There’s only one truly new thing, and even that was a little bit of a bummer because it was spoiled on the “coming next” video that aired last week, hoping to keep viewers watching after Rick’s ascension into helicopter heaven. After putting a radio relay on top of a water tower to expand Gabriel’s audio quest for the unknown, Eugene hurts his knee getting down right as a herd arrives.

He and Rosa bury themselves in dirt to hide, and are very, very surprised to hear the zombies talking to each other. This would have been an absolutely killer surprise, but seeing it last week made it lose all of its impact. I totally understand why the show did it that way, but it would still have made a world of difference to everyone who doesn’t read the comics and know what’s coming.

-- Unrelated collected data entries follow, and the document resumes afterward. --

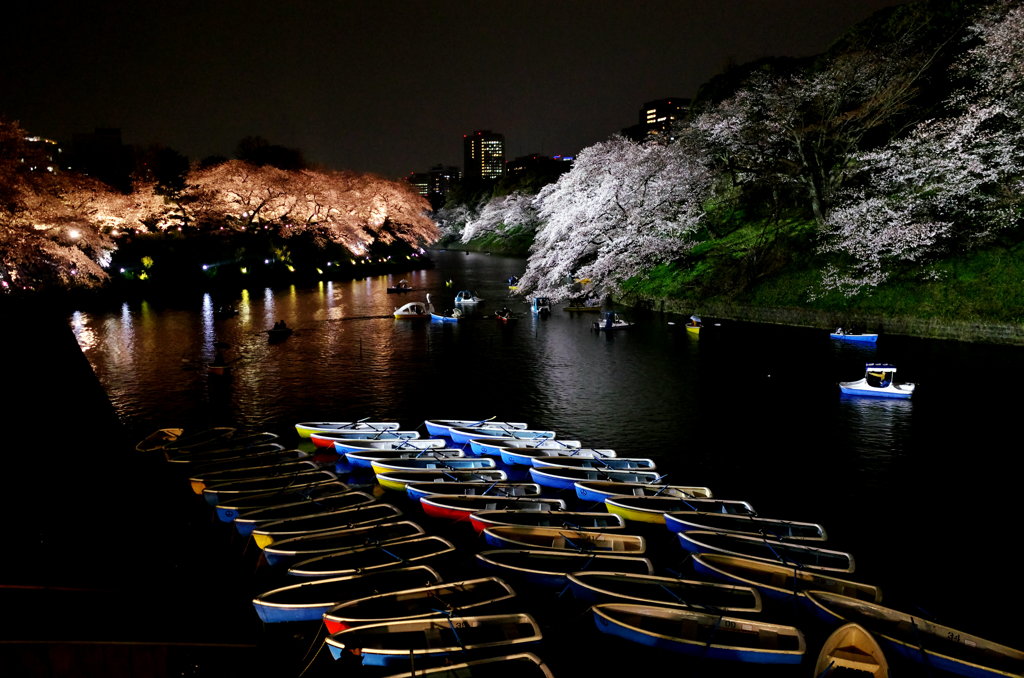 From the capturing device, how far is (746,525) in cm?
1346

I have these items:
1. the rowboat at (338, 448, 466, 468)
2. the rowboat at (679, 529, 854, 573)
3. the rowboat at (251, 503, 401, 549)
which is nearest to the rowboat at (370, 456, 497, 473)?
the rowboat at (338, 448, 466, 468)

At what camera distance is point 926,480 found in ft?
55.9

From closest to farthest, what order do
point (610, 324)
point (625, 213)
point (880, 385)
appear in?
point (880, 385), point (610, 324), point (625, 213)

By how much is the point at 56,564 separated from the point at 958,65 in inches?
2158

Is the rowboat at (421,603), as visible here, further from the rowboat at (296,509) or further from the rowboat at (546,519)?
the rowboat at (296,509)

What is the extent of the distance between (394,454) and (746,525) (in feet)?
34.4

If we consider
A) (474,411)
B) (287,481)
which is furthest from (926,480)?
(287,481)

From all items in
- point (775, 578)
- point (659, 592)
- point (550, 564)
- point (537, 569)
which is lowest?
point (775, 578)

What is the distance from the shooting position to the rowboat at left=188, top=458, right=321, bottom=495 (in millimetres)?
15528

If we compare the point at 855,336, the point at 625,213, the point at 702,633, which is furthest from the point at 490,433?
the point at 625,213

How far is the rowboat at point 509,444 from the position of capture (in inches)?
723

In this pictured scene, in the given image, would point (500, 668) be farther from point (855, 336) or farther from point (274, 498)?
point (855, 336)

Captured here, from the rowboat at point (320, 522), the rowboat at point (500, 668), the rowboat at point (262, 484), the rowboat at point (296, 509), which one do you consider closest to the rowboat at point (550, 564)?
the rowboat at point (500, 668)

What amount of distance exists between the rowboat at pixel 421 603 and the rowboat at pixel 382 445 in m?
7.96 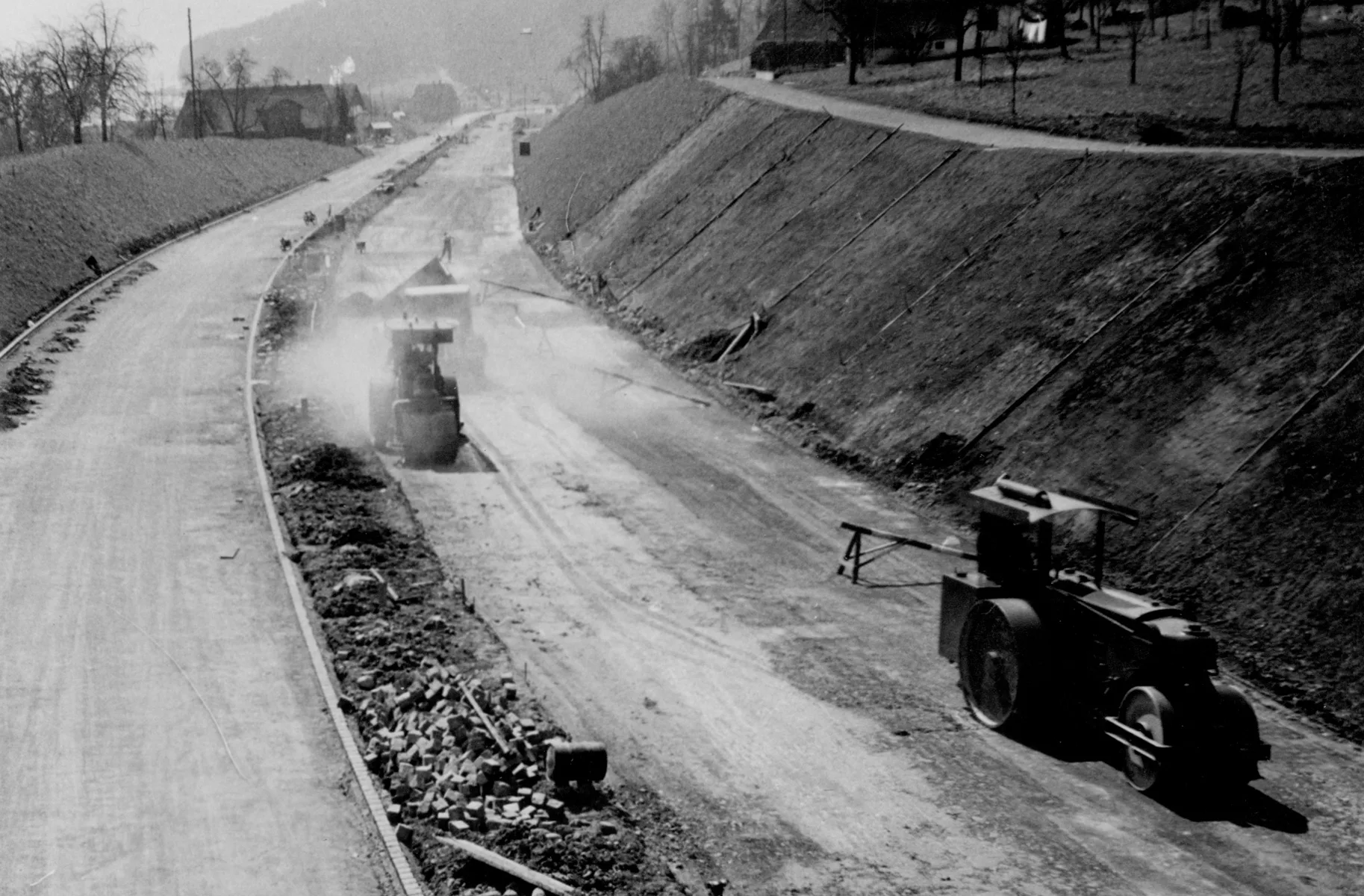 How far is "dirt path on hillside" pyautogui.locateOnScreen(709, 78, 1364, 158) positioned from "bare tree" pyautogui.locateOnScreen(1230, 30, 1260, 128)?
493 cm

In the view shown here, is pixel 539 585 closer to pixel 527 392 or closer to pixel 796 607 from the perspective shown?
pixel 796 607

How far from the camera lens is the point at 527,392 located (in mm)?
31906

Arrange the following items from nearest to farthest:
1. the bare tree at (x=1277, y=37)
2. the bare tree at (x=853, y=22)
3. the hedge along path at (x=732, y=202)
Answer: the bare tree at (x=1277, y=37) < the hedge along path at (x=732, y=202) < the bare tree at (x=853, y=22)

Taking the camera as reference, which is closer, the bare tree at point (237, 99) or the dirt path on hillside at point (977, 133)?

I’m not completely dispirited, though. The previous five episodes were good enough that “Who Are You Now?” might just be an anomaly, or a temporary problem that will be fixed as the new TWD world settles in. But I’d be lying if I said I wasn’t worried that the first chunk of season nine was the anomaly, and now the show’s back to business as usual. Its terrible, terrible business.

Assorted Musings:

  • So Judith does her homework next to Negan’s cell so he can help her out. This would be interesting if it were something Michonne was ok with, that she’d accepted Negan has some small value, although I bet she doesn’t know and will freak out when she finds out. Although it seems to be something Judith and Negan have been doing for a while, out in the open, so it would be dumb for Judith to have never been caught.

  • It does provide the best line of the night, though. Negan tells a story/heavy-handed metaphor about how he used to collect stray dogs as a kid until he found one that seemed fine but killed all the other dogs. So he stopped collecting dogs: “I wised up.” Judith replies to the man stuck in a cell for the last six-plus years: “And look how great everything turned out for you.”

  • To be fair, Judith telling Michonne “I’m starting to forget their voices” was a real punch in the gut.

  • Speaking of fairs, the Kingdom is having one?! Who the hell knows how this is going to play out — I assume there’ll be jousting, because it’s the Kingdom — but it seems like people from all the colonies will attend, and Ezekiel hopes it will help unite them again. Not sure if funnel cake and a ring toss game will solve everyone’s problems, but I’m crossing my fingers.

  • I did enjoy that the ex-Saviour gang had a wagon pulled by zombies

  • Hey, where did Michonne get a second katana? Because both she and Judith are carrying them and using them for practice. I thought that maybe Michonne had a wakizashi, the shorter sword sometimes paired with a full katana, and I’d just forgotten this. But the blades looked like they might be the same size? Again, my eyes are terrible, so I could be wrong about any or all of this.

  • Hey, guys? Putting bags over strangers’ heads when you bring them to Alexandria so they don’t know the way would probably be more effective if you didn’t have a sign on the front gate saying “ALEXANDRIA” on it.

  • Judith, I hate to break it to you, but there’s only a 50/50 chance at best your dad would be happy you decided to save a bunch of strangers. Seasons 1-3 and 9 Rick would be proud of you; seasons 4-8 would simply murder them in front of you and then send you to your room.